Mod add seed issue
nix-apollo opened this issue · 2 comments
From @danbraunai-apollo:
This is also an issue/bug for ModularArithmetic. We have an even worse setup there with this code in create_modular_arithmetic_dataset:
modulus = cfg["dataset"]["modulus"]
fn_name = cfg["dataset"]["fn_name"]
frac_train = cfg["dataset"]["frac_train"]
seed = cfg["seed"]
modulus = dataset_config.modulus or modulus
fn_name = dataset_config.fn_name or fn_name
frac_train = dataset_config.frac_train if dataset_config.frac_train is not None else frac_train
seed = dataset_config.seed if dataset_config.seed is not None else seed
This looks for a main config seed in the saved model (as opposed to looking for seed in the dataset config), and replaces it with a seed in the dataset config.
I'm confused by what the problem is, @danbraunai-apollo should clarify.
I think the code above should have the line
+ dataset_seed = cfg["dataset"]["seed"]
- seed = cfg["seed"]
and then passing dataset_seed instead of seed where used in the future.
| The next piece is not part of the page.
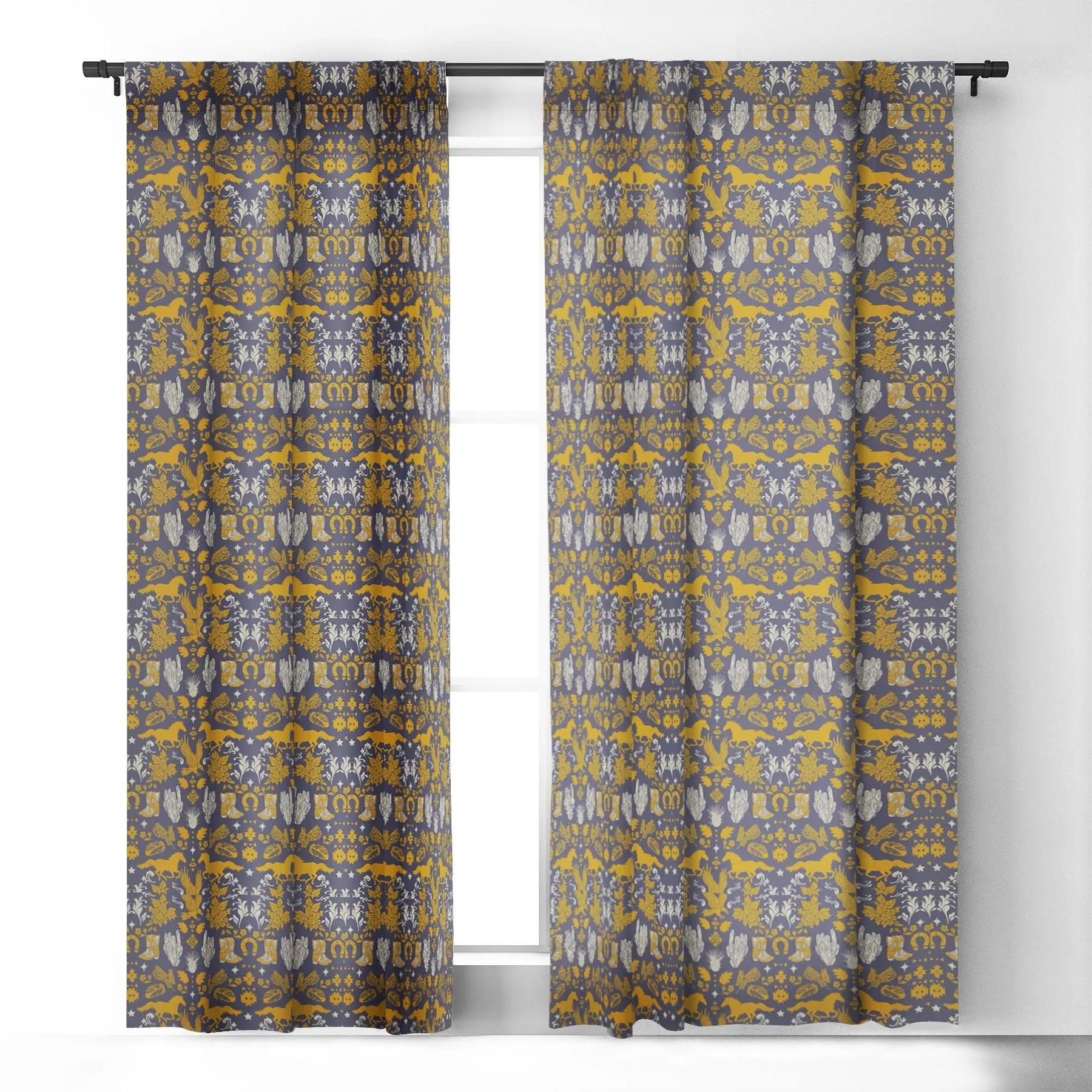 Ole Western Fairytale Blackout Window Curtains (DS)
Also, since this value can be None, we have to handle passing seed=None to train_test_split in create_modular_arithmetic_dataset
. The best thing to do IMO is to have a thing at the start of all modular arithmetic scripts which does config.dataset.seed = config.seed
if config.dataset.seed is None
.
The way the code current works is "let's use config.dataset.seed to manage the dataset when training the model. But if loading a trained model, let's use config.seed."